何が何だかわかる間もなく漠然と俺は死ぬのかと思った。
泣きたかった。
何も考えたくなかった。
少しづつ美鈴は小さくなり、すぐに顔も判別できなくなった。あっという間に美鈴は見えなくなったが、魔法陣の光は少しの間ずっと見えていた。そしてそれすらも見えなくなったとき、俺は周りを見た。
発狂するかと思った。
壁はなくどこまでも何もない空間が続いているようにも見えるし、すぐそこでこの空間が終わっているようにも見えた。暖かく感じるし冷たくも感じる。ふわふわと無重力のようにも思えるし全身にとてつもないほどの圧力をかけられているようにも思えた。すべてが真っ白にも見えるし、真っ黒にも、真っ青にも、真っ赤にもどんな色にも見えた。

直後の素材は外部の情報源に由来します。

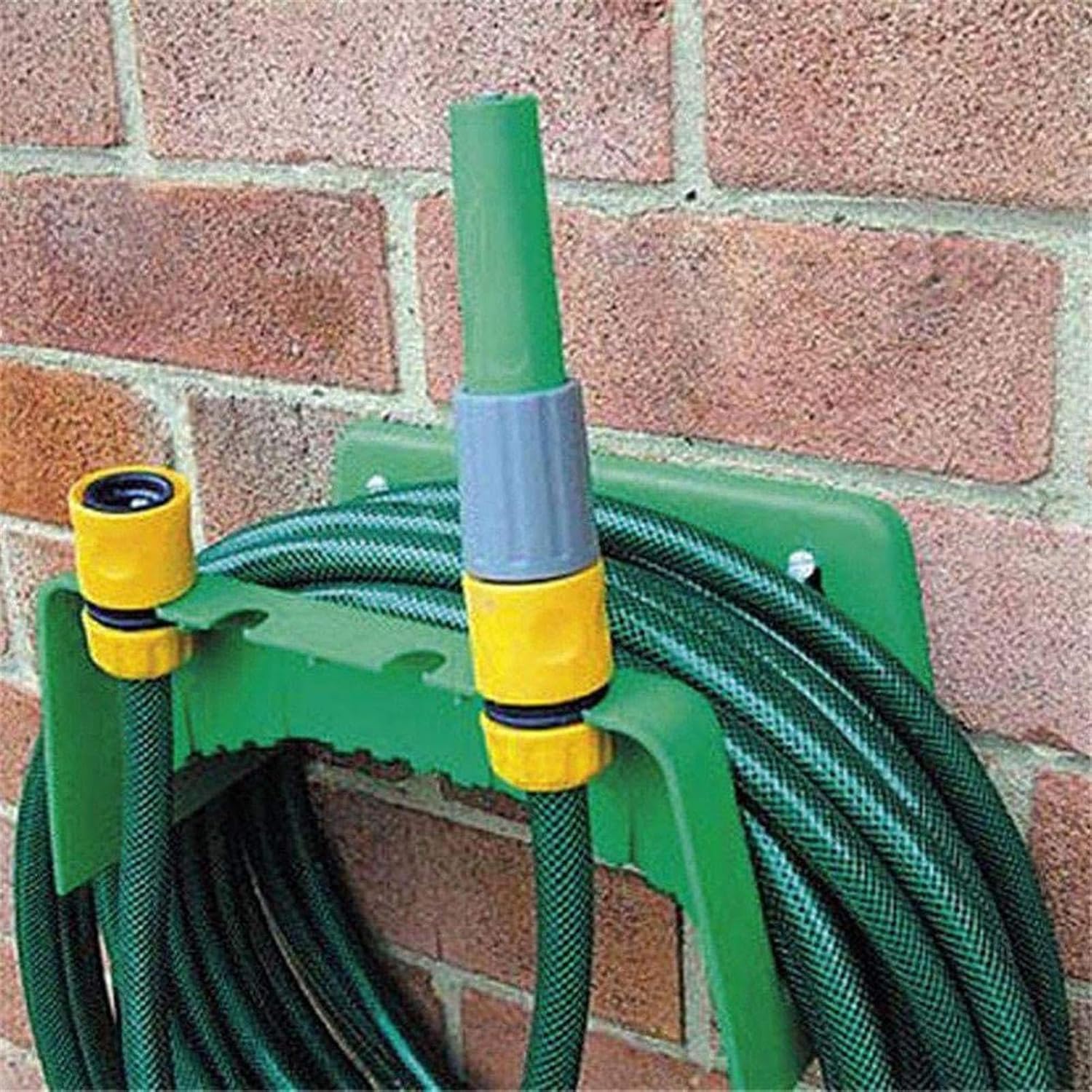  Genérico Support Mural Robuste Pour Tuyau De Jardin, Pour Ranger Les Tuyaux, Robinets, Becs, Balustrades, Clôtures, Maison, Piscine, Balcon, Garage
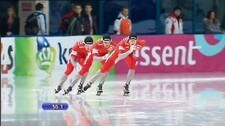 Video Norsk verdensrekord for juniorer på lagtempo  (Foto: Nyhetsspiller)
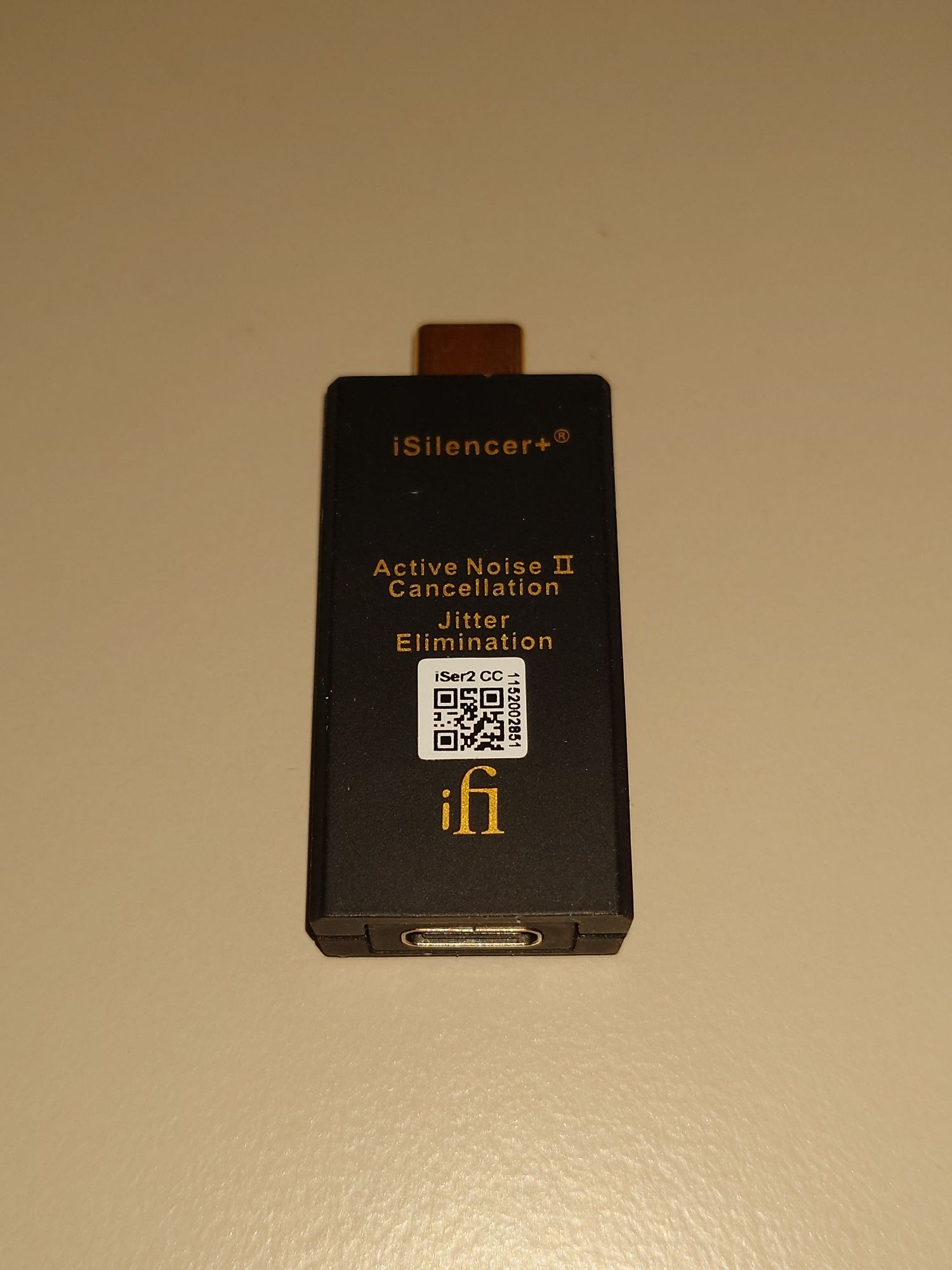 iFi iSilencer+ filtru audio USB-C la USB-C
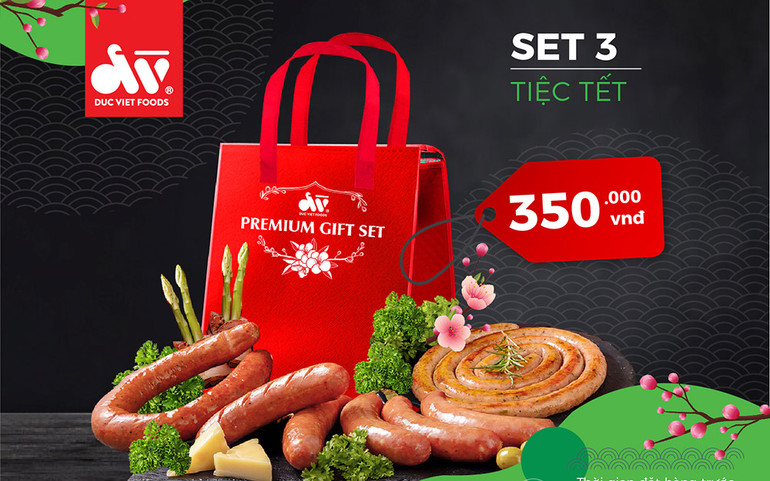 Set quà Tết Đức Việt 2022 ảnh 3 Set quà Tết Đức Việt 2022 -0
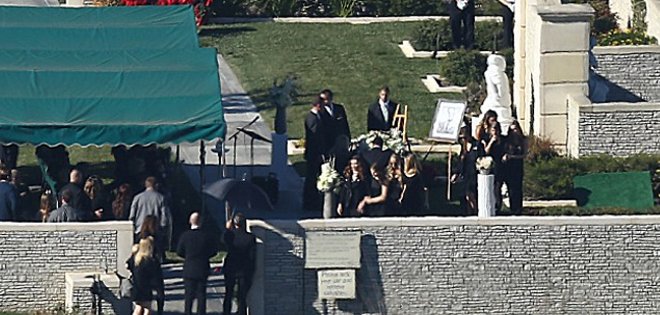 Cenizas de Paul Walker fueron sepultadas en una ceremonia privada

耐えきれずに目を固く閉じ、叫んだ。頭が壊れそうだった。割れたかと思った。
だが目を閉じたくらいでは何の意味もなかった。相も変わらず謎の感触はあるし瞼を突き破って光は感じてしまう。
その圧倒的情報量は俺を壊した。脳が処理しきれずに血を出している。肌は焼け爛れながらも凍傷になり溶けながら凍っている。体中の感覚器官も一瞬で焼き切れた。
そしてただの人間では処理しきれない情報を前に俺の意識は濁流に飲み込まれるようにして消えていった。